Single by Zayn

from the album Icarus Falls
- Released: 18 October 2018
- Genre: R&B
- Length: 2:53
- Label: RCA
- Songwriter(s): Zayn Malik; Alex Oriet; David Phelan;
- Producer(s): Saltwives

Zayn singles chronology
| "Too Much" (2018) | "Fingers" (2018) | "No Candle No Light" (2018) |

= Fingers (song) =

"Fingers" is a song by English singer-songwriter Zayn Malik, released on 18 October 2018 by RCA Records.

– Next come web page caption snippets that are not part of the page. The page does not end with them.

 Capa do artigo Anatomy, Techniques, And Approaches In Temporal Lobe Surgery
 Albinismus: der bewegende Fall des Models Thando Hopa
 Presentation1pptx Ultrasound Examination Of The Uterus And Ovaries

It serves as the fifth single from his second studio album Icarus Falls (2018).

==Promotion==
Malik later encouraged fans to upload themselves dancing to the song and to tag it "#FingersDance", as a "challenge" that they could potentially win a gift from.

==Critical reception==
David Renshaw of The Fader called "Fingers" a "slow jam" with lyrics about texting, with Zayn singing "'my fingers ain't working but my heart is' over a pitched up vocal sample". Jon Blistein of Rolling Stone said the song "boasts an alluring mid-tempo beat with low synths bubbling around a crisp drum groove", explaining that Zayn "keeps his vocals low, yet seductive as he tries to come to grips with an unrequited love while staring at his phone". Gil Kaufman of Billboard called it a "hazy R&B ballad" that concerns "a love that is so paralyzing that it makes your digits freeze up mid-text".

==Charts==

| Chart (2018) | Peak position |
|---|---|
| New Zealand Hot Singles (RMNZ) | 32 |

==Certifications==

| Region | Certification | Certified units/sales |
| Brazil (Pro-Música Brasil) | Gold | 20,000^{‡} |
^{‡} Sales+streaming figures based on certification alone.